Setting Up a MOP Worker Site.


            Overview
            ========

            MOP is a system for distributing CMS production jobs. There is a MOP master site where jobs are
            defined by the CMS production scripts. The mop_submitter then distributes those jobs to remote
            sites through CondorG and Globus. When the jobs are finished, the output is collected by GDMP.

  
            Preparing remote sites for MOP jobs
            ===================================

            Remote site overview:

            In general, the remote site will need VDT installed on one or more machines and a Globus job
            manager for the local batch system.
           
            Accounts:

            MOP worker site should map cmsprod account from fnal.gov to one of its local user accounts.
           
            The contact string is:
            "/O=Grid/O=Globus/OU=fnal.gov/CN=CMS Production"

            Remote site summary:
           
            The following information needs to be conveyed to MOP Master site owner:

            --------------------------------------------------------------------------
            (1-1) stage-in job manager
            (1-2) GLOBUS_LOCATION value.
            (1-3) Shared directory for mop files if not home directory.

            (2-1) run job manager.
            (2-2) location of CMS DAR installation. NB: only the path needs to be provided. The DAR file(s)
            themselves can be installed through MOP.

            --------------------------------------------------------------------------

            Example remote site values:

            The first "remote" site is at Fermilab. Here are the Fermilab values:

            (1-1) droidf.fnal.gov:/jobmanager
            (1-2) /opt/globus/globus20
            (1-3) /cms/work

            (2-1) droidf.fnal.gov:/jobmanager-condor
            (2-2) /data/dar

            The site parameters are stored in the mop_submitter/site-info directory. Job manager and scratch
            directory info is in the *.site.* files. The .vars files hold the following information:

            Appendum 1:
            ============

            (1) In the $GLOBUS_LOCATION/etc/globus-job-manager-condor.conf file, edit the two lines at the
            bottom according to the comment above them, adding INTEL and LINUX as arguments, like so:

            -condor-arch INTEL
            -condor-os LINUX

            and remove the two comment lines (appearing just before):

            # Edit the following two lines to complete
            # the configuration of your condor jobmanager

            Then add another line to retain debugging info on errors:

            -save-logfile on_errors

            Finally, rename the file to globus-job-manager-condor-INTEL-LINUX.conf

            (2) Let's use testulix.phys.ufl.edu as an example. In
            $GLOBUS_LOCATION/etc/jobmanager-condor, add "-condor-os LINUX -condor-arch INTEL" to
            the end of the argument list, and change the existing -conf and -rdn arguments to refer to
            globus-job-manager-condor-INTEL-LINUX.conf and
            testulix.phys.ufl.edu/jobmanager-condor-INTEL-LINUX instead of the old names.
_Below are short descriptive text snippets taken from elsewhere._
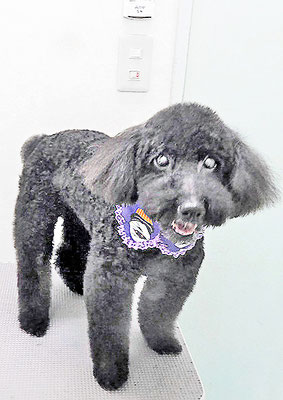 上村エイトちゃん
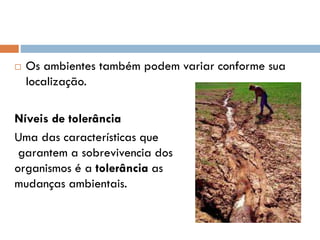 

Os ambientes também podem variar conforme sua
localização.

Níveis de tolerância
Uma das características que
garantem a sobrevivencia dos
organismos é a tolerância as
mudanças ambientais.

 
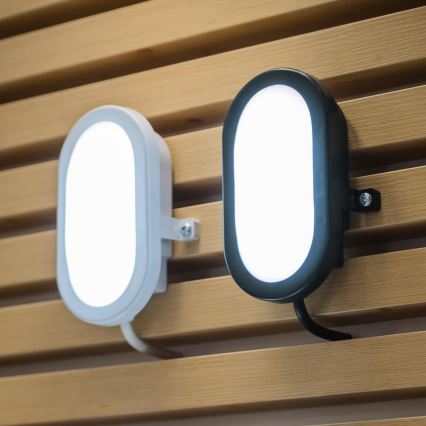 Osram - BULKHEAD LED-es kültéri fali lámpa, 6W, 230V, IP54, fekete
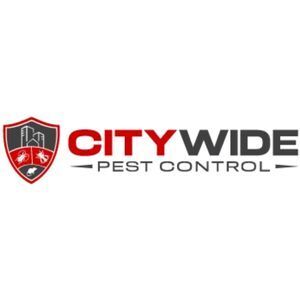 City Wide Pest Control Adelaide - Adelaide, SA, Australia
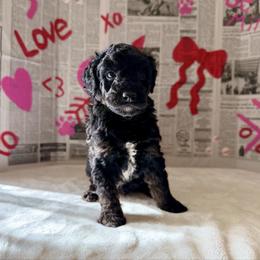 Moose - Phantom male Goldendoodle puppy in Upper Sandusky, Ohio from Rock Run Homestead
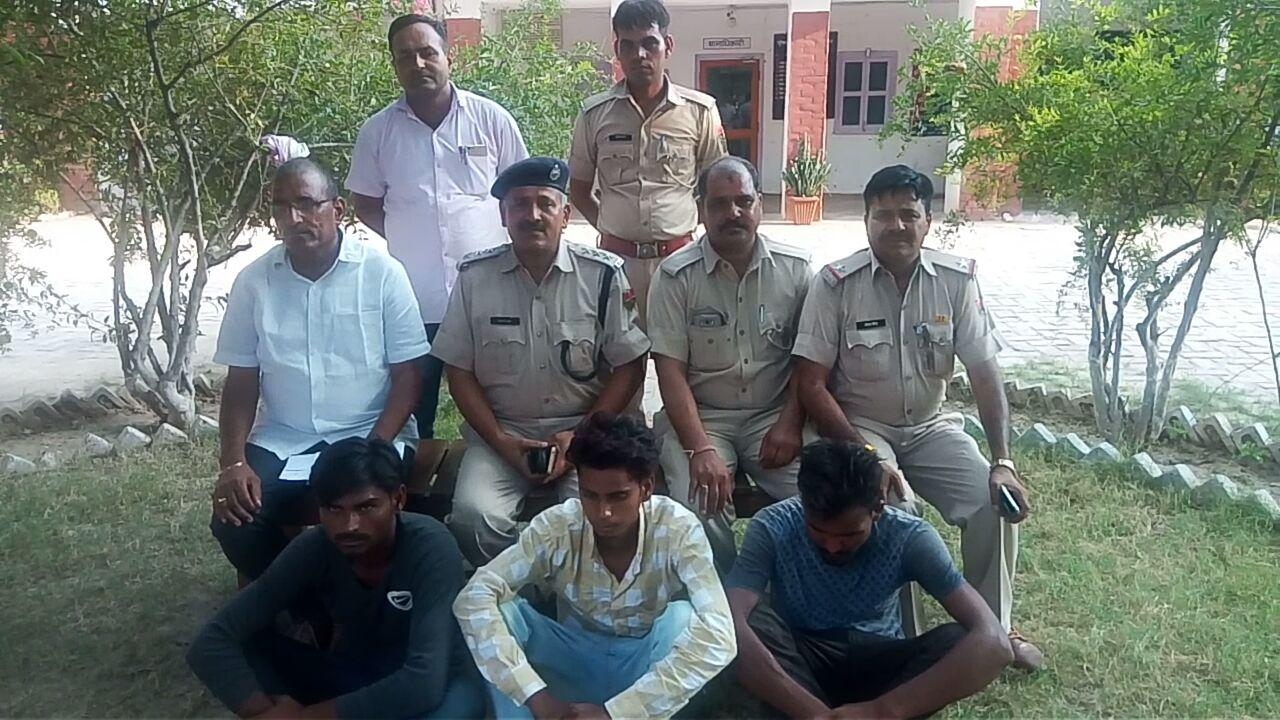 Arrested, Theft, Accused, Police, Remand, Rajasthan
            Finally, rename the file to jobmanager-condor-INTEL-LINUX.

            We thereafter refer to that job manager as
            testulix.phys.ufl.edu/jobmanager-condor-INTEL-LINUX instead of just
            testulix.phys.ufl.edu/jobmanager-condor (when using globus-job-run, Condor-G,
            etc).

            At Florida, the condor job manager is then:

            % cat jobmanager-condor-INTEL-LINUX
            stderr_log,local_cred - /usr/local/globus/globus-2.0/libexec/globus-job-manager
            globus-job-manager -conf
            /usr/local/globus/globus-2.0/etc/globus-job-manager-condor-INTEL-LINUX.conf -type
            condor -rdn testulix.phys.ufl.edu/condor-INTEL-LINUX -machine-type unknown
            -publish-jobs -condor-os LINUX -condor-arch INTEL

            and the condor job manager config file reads as:

            % cat globus-job-manager-condor-INTEL-LINUX.conf
            -home "/usr/local/globus/globus-2.0"
            -e /usr/local/globus/globus-2.0/libexec
            -globus-gatekeeper-host testulix.phys.ufl.edu
            -globus-gatekeeper-port 2119
            -globus-gatekeeper-subject "/O=Grid/O=Globus/CN=testulix.phys.ufl.edu"
            -globus-host-cputype i686
            -globus-host-manufacturer pc
            -globus-host-osname Linux
            -globus-host-osversion 2.2.14-5.0smp
            -condor-arch INTEL
            -condor-os LINUX
            -save-logfile on_errors

            Appendum 2:
            ============

            The default Condor installation is configured so that Condor will suspend all jobs on detection of
            keyboard activity. The instructions on how to fix this are to modify "PART 3" of the
            $CONDOR_LOCATION/etc/condor_config file underneath where it says:

            #####################################################################
            ## This where you choose the configuration that you would like to
            ## use. It has no defaults so it must be defined. We start this
            ## file off with the UWCS_* policy.
            ######################################################################

            The modifications are:

            Original condor_config file:
            START = $(UWCS_START)
            SUSPEND = $(UWCS_SUSPEND)
            CONTINUE = $(UWCS_CONTINUE)
            PREEMPT = $(UWCS_PREEMPT)
            KILL = $(UWCS_KILL)

            Modified condor_config file:
            #START = $(UWCS_START)
            START = True
            #SUSPEND = $(UWCS_SUSPEND)
            #CONTINUE = $(UWCS_CONTINUE)
            #PREEMPT = $(UWCS_PREEMPT)
            SUSPEND = False
            CONTINUE = True
            PREEMPT = False
            #KILL = $(UWCS_KILL)
            KILL = $(ActivityTimer) > $(MaxVacateTime)
            #PREEMPTION_REQUIREMENTS = $(UWCS_PREEMPTION_REQUIREMENTS)  
            PREEMPTION_REQUIREMENTS=False

            Then, to enact the changes for the new Condor configuration, execute

            % condor_reconfig node1 node2 node3 ...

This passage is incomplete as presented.